» Assignment
Could you set down the listing below exactly and omit its images?

» Provided material
......
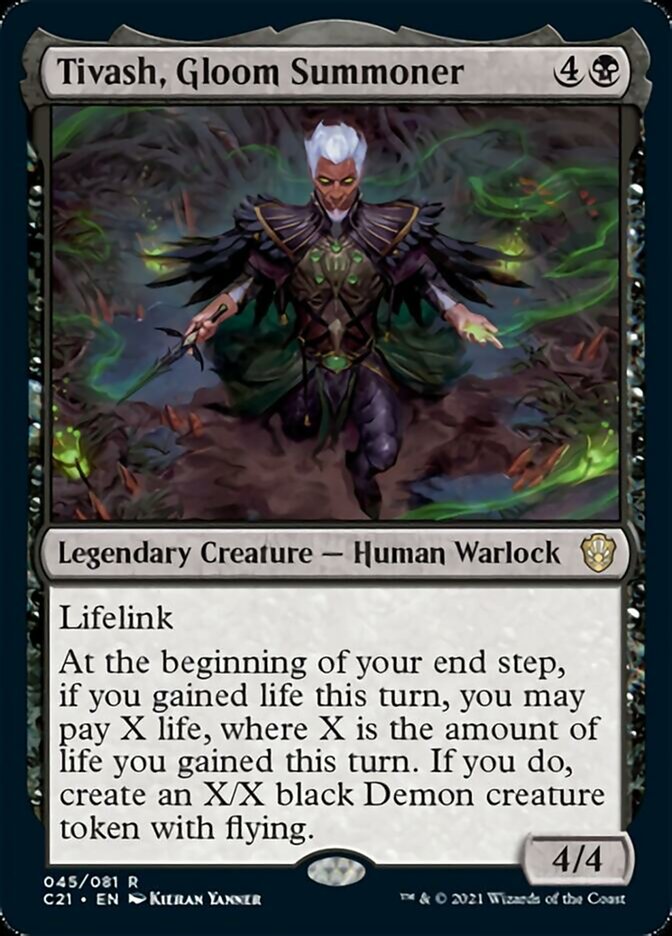 Tivash, Gloom Summoner [Commander 2021] | Enigma On Main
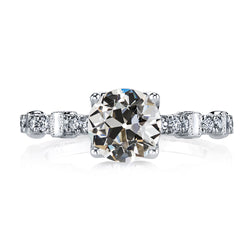 Genuine Natural Earth Mined Diamond Old Mine Cut Wedding Ring Fancy Gold Jewelry 4 Carats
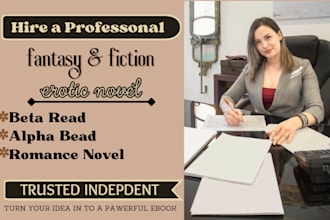 beta read, alpha read your romance novel, fantasy, erotic novel, fiction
......
» Output below
 Tivash, Gloom Summoner [Commander 2021] | Enigma On Main
 Genuine Natural Earth Mined Diamond Old Mine Cut Wedding Ring Fancy Gold Jewelry 4 Carats
 beta read, alpha read your romance novel, fantasy, erotic novel, fiction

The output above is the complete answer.